**Stored data:**
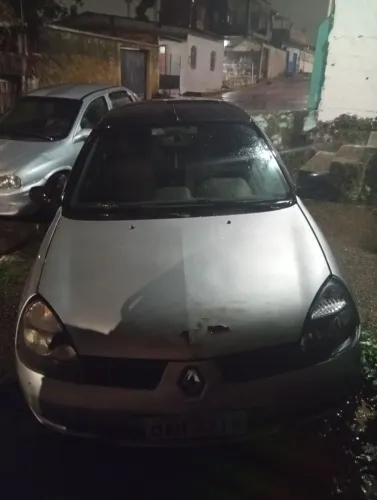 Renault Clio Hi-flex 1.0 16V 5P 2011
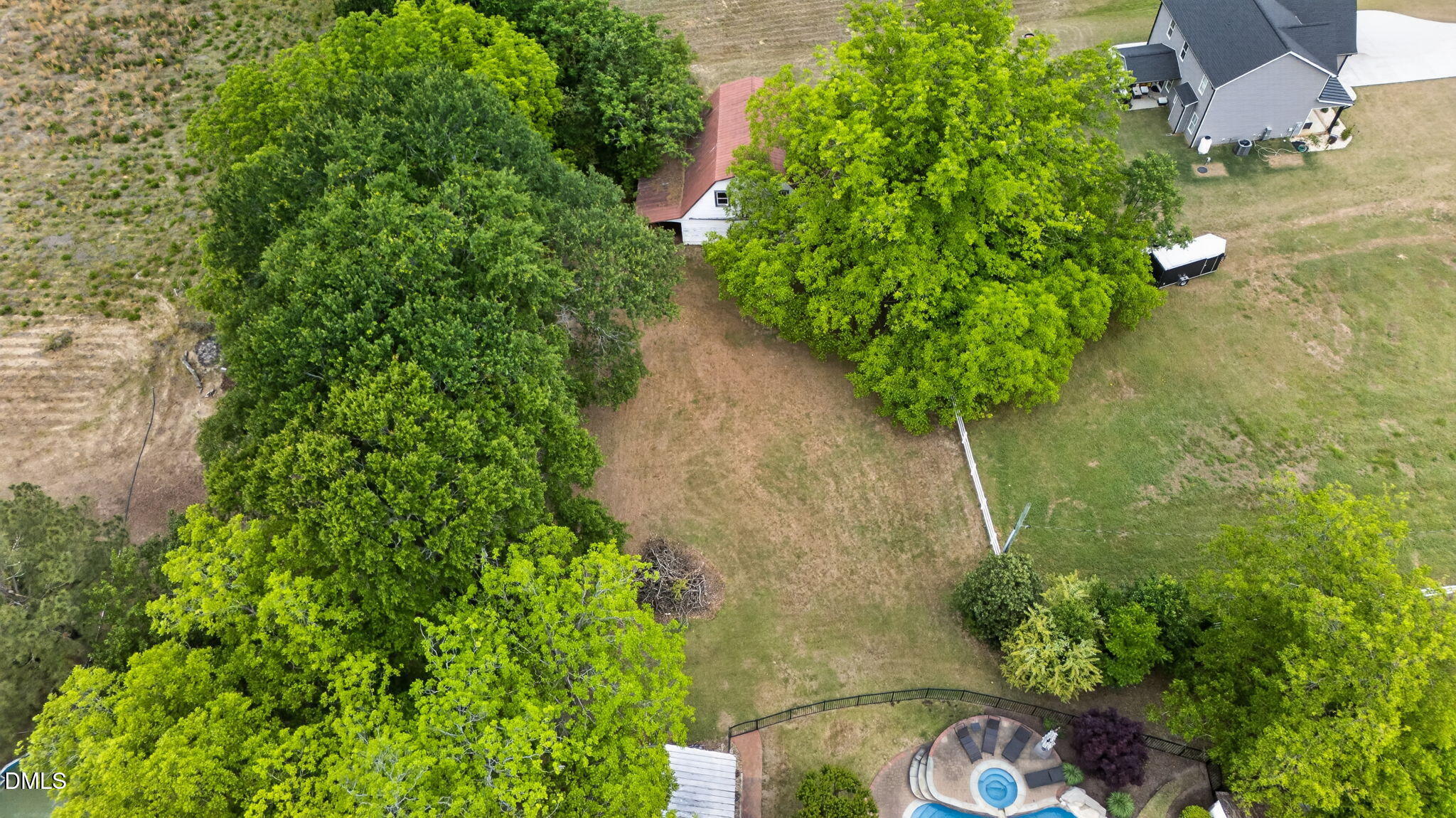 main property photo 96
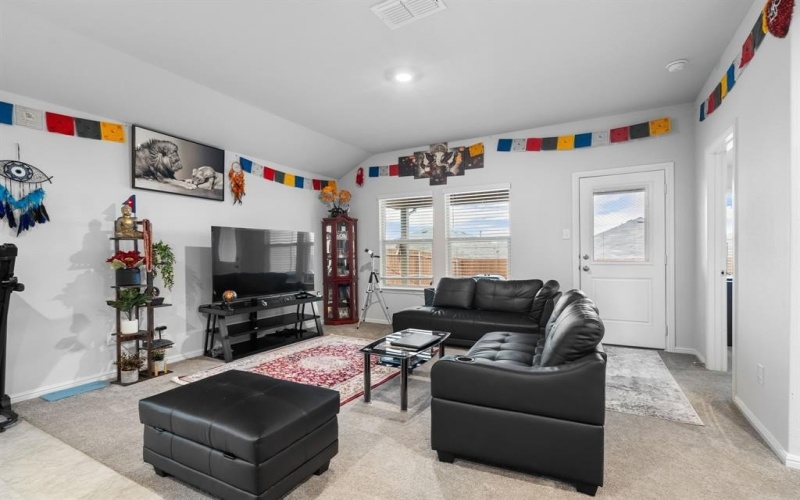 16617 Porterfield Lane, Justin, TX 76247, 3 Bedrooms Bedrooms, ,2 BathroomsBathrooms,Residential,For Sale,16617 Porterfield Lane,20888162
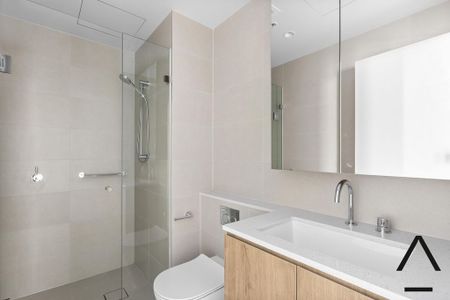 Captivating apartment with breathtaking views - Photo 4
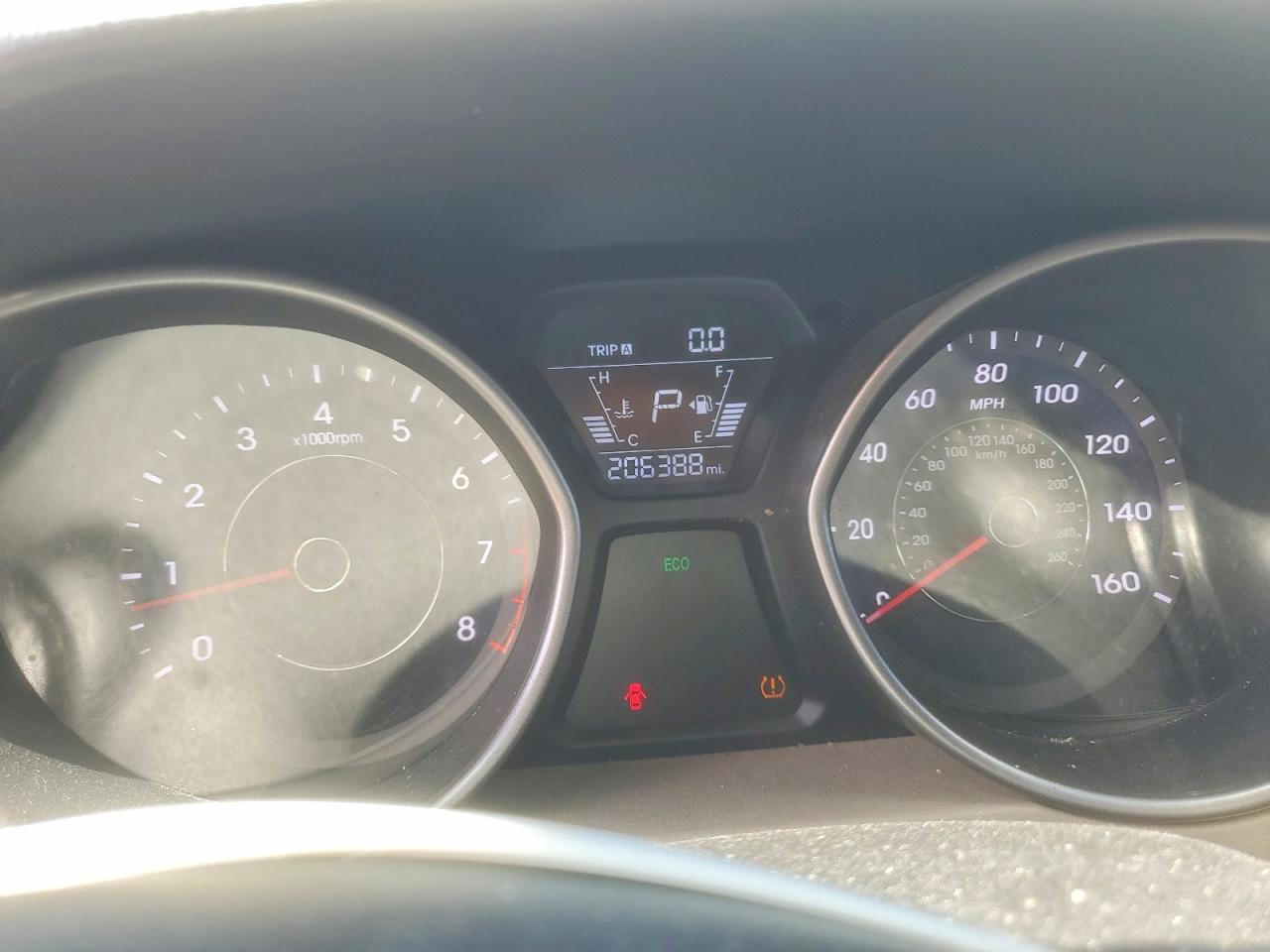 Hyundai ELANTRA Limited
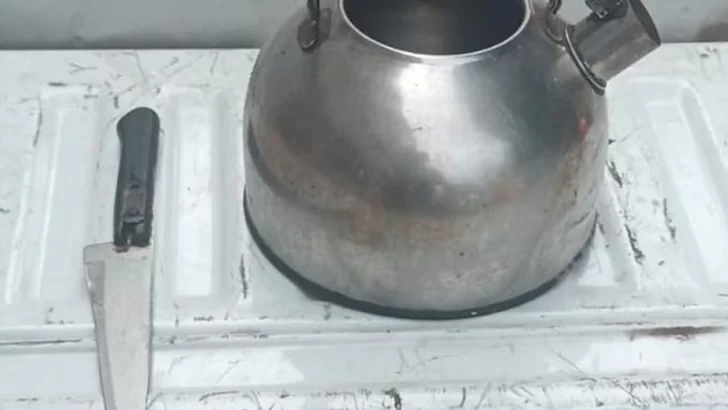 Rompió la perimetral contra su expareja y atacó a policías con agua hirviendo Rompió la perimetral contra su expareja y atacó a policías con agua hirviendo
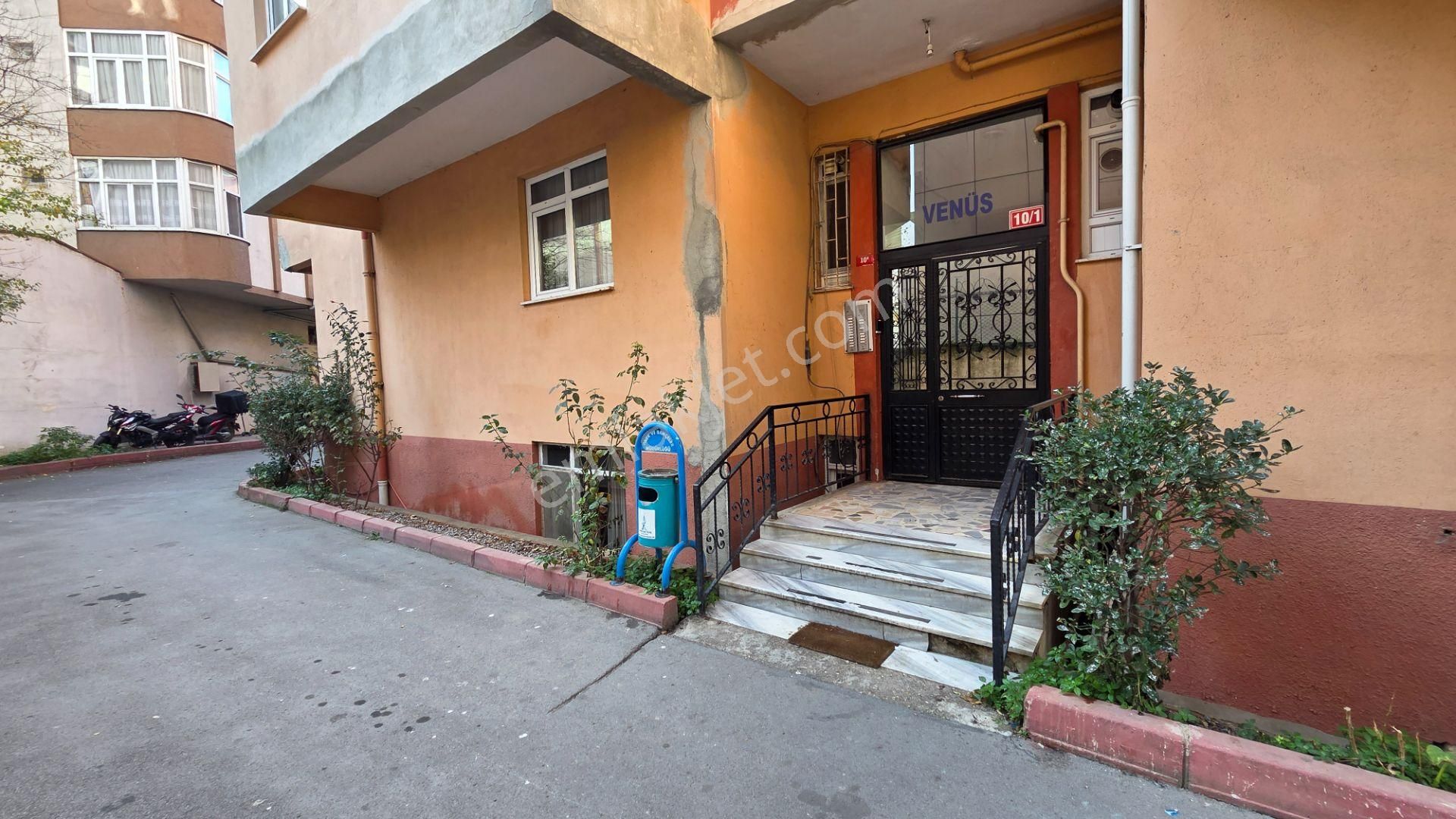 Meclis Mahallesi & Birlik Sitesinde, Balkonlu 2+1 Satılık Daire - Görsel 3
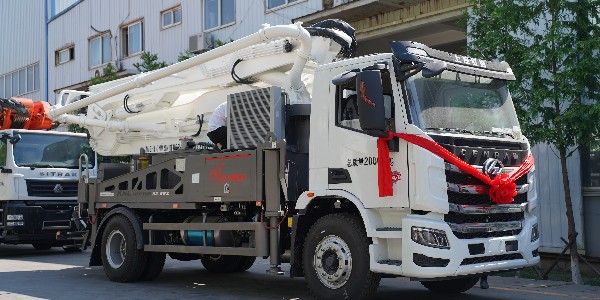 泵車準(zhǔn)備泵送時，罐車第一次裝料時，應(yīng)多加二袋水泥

**Work item:** Repeat the lines exactly, starting with the line that contains "Meclis Mahallesi &" and ending with the last line of the entries. Keep both of those lines but no pictures.

**Task output:**
 Meclis Mahallesi & Birlik Sitesinde, Balkonlu 2+1 Satılık Daire - Görsel 3
 泵車準(zhǔn)備泵送時，罐車第一次裝料時，應(yīng)多加二袋水泥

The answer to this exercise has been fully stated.